A 27-year-old female patient with CRE secondary to renal hypoplasia diagnosed at 2 years of age.
At 9 years of age, with CKD stage RV, receives a kidney transplant from a living donor related; presented loss of function of the transplant due to chronic rejection eight years later, requiring admission to a tricyclic hemodialysis plan.
She presented multiple complications due to vascular malformations and infections of the hemodialysis accesses.
He was referred to our institution ten years later due to exhaustion of vascular accesses.
Angiography of the upper and lower limbs and vena cava showed thrombosis of both jugular, subclavian and innominate veins, as well as of both femoral and iliac veins.
Without the possibility of a living related transplant, it was decided to enter it in peritoneal dialysis plan and enter it in an emergency plan to receive a kidney transplant from cadaveric donor.
A peritoneal dialysis catheter is placed, starting this treatment immediately after using a cycling device, achieving a suitable dialysis dose with good tolerance.

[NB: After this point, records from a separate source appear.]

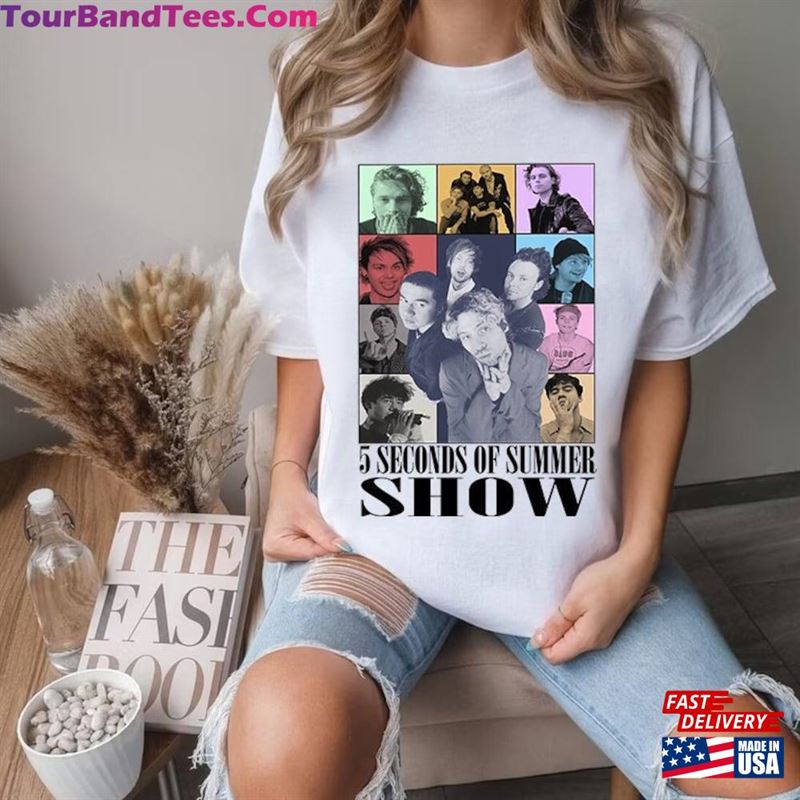 5Sos Barbi Shirt Seconds Of Summer Music T-Shirt Sweatshirt Classic 29Uf137013 – Utopia Fashion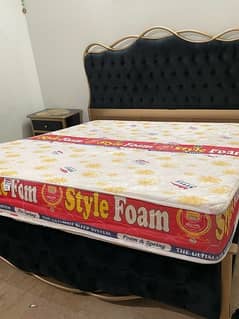 Medicated mattress 8 inches king size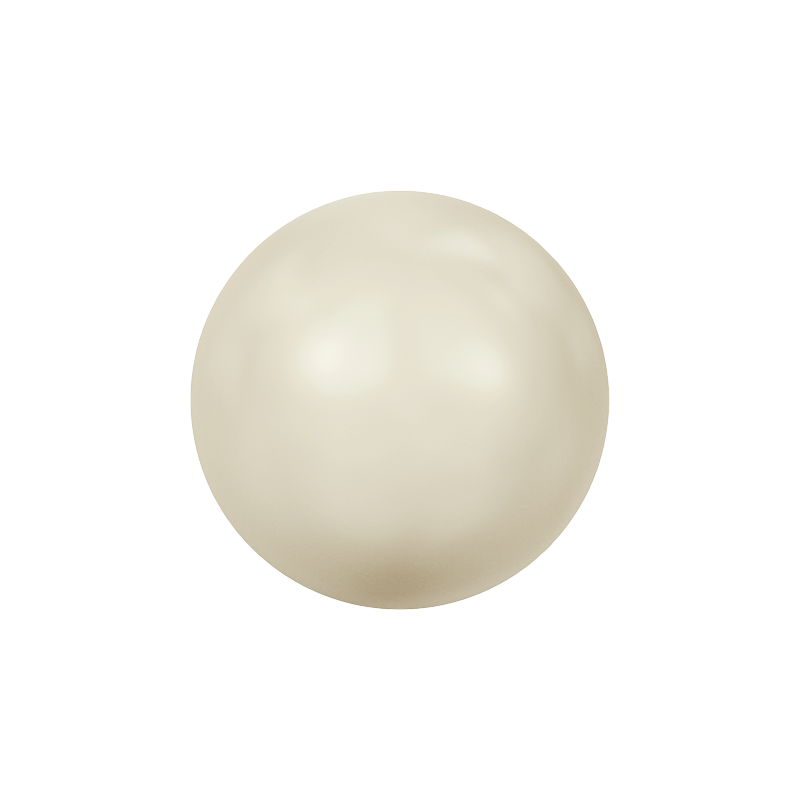 Swarovski 5817 Cabochon 16mm Cream Pearl 1ks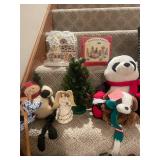 Large Collection of Holiday and Christmas Decorations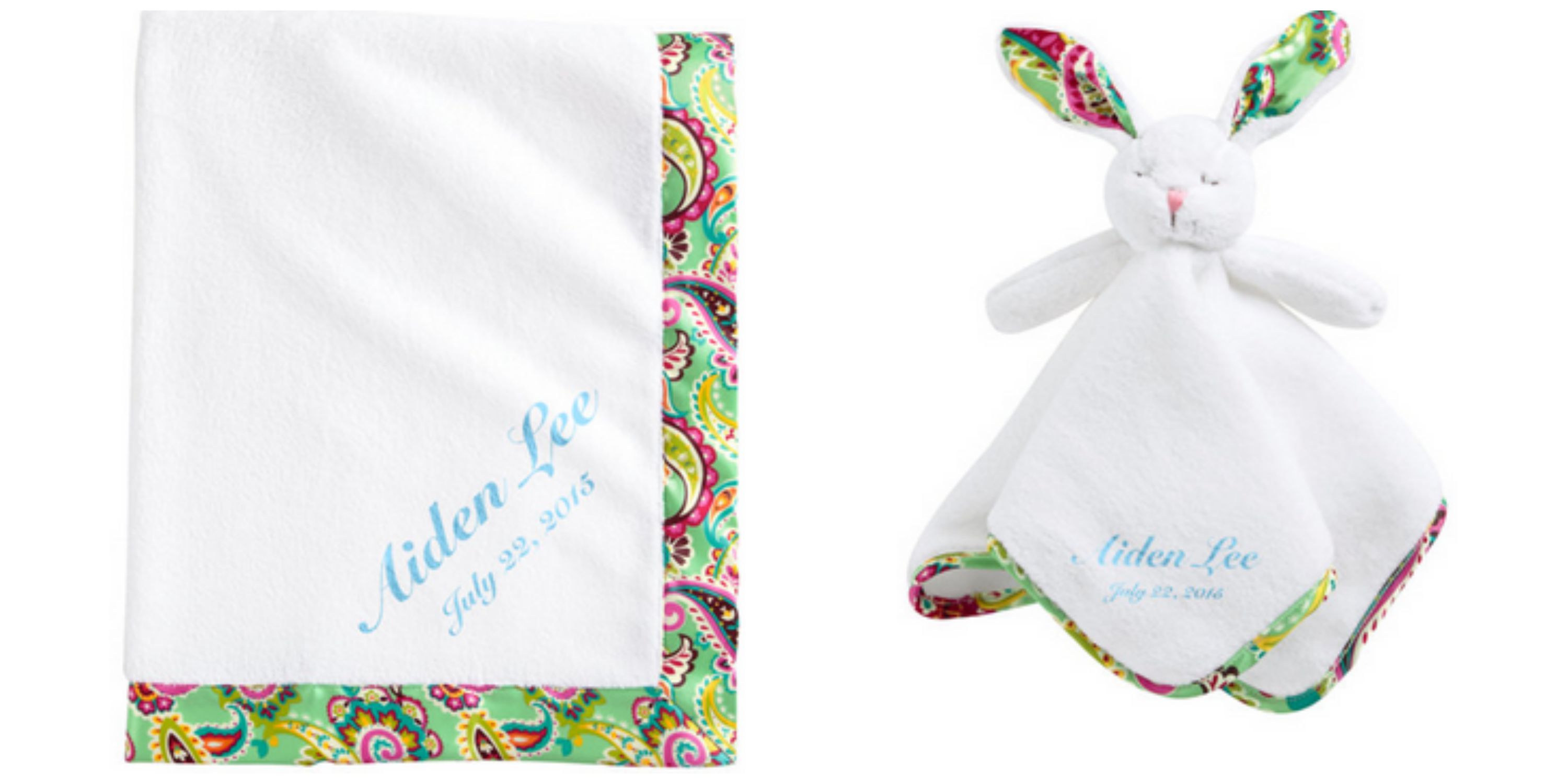 Vera bradley best sale lovey bunny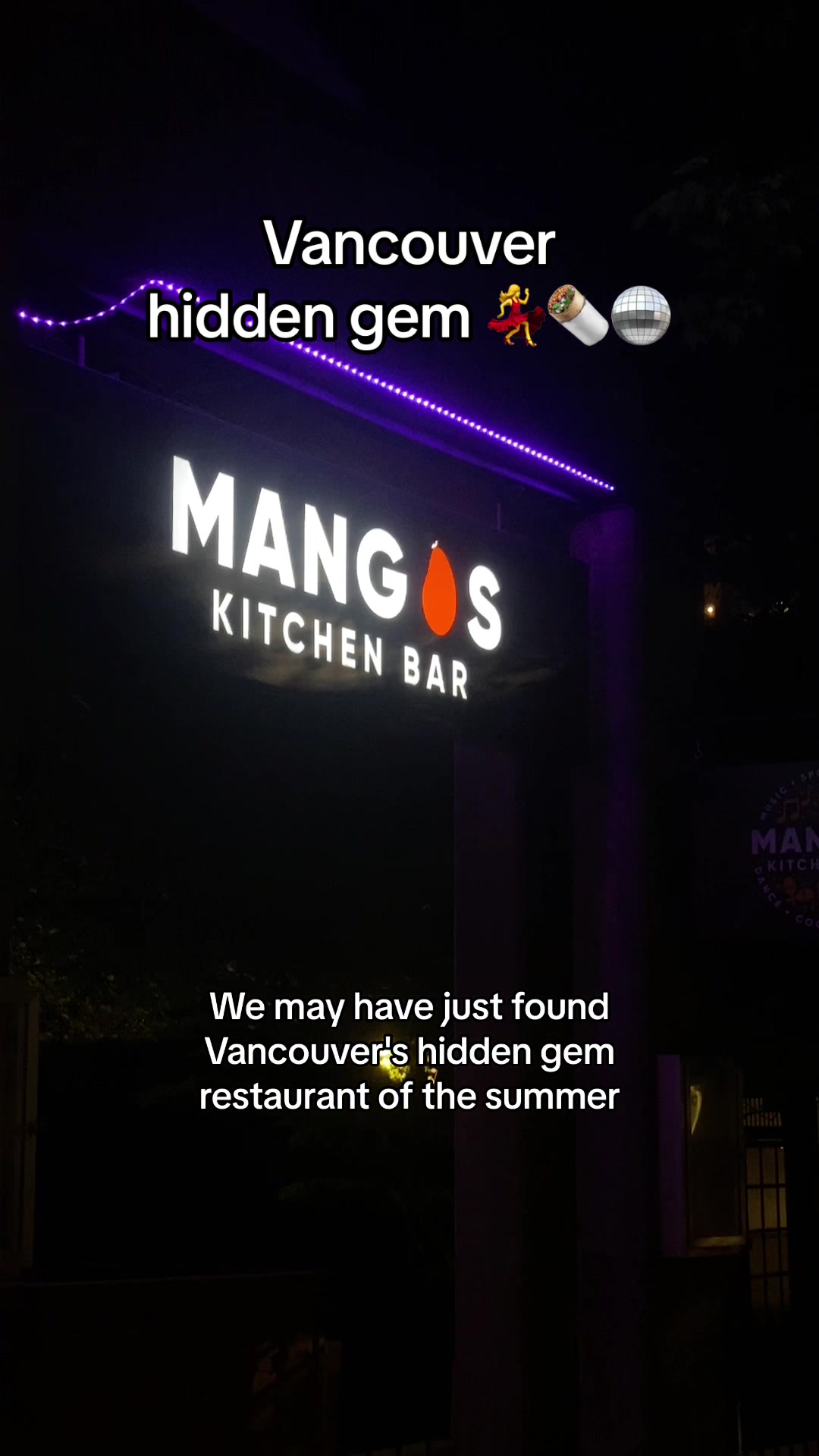 Vancouver's Latin Restaurant and Nightclub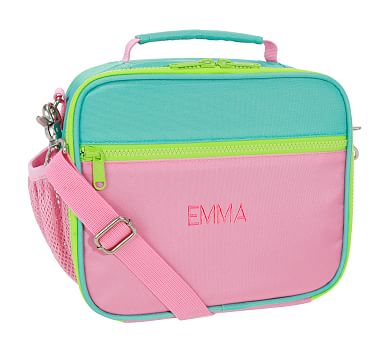 Pink/Aqua/Lime, Astor Cold Pack Lunch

Due to the vascular status of the patient, the kidney required recovery of vascular anastomosis leakage, leading to a peritoneal approach and losing the possibility of continuing peritoneal dialysis in the postoperative period of transplantation until the end of dialysis.
This raises the need for a conventional approach at the time of transplantation.
When the cadaveric kidney was available, after the transplant, a catheter was placed in the ovarian vein for hemodialysis.
The right ovarian vein was dissected (dilated by the obstruction of the iliac vein), a tunneled catheter Quinton Permcath® Dual Lumen diameter was placed and a vena cava progressed with 14.5 French suture was made.
Placement was confirmed by radioscopy and subcutaneous tunneling was performed in the abdominal wall.
The procedure was successful.
Anticoagulation with sodium heparin was started 6 hours after surgery.
Forty-eight hours after kidney transplantation he required his first dialysis treatment, which was performed by catheter placed with optimal blood pump flow without complications, allowing dialysis treatment until recovery of transplant function.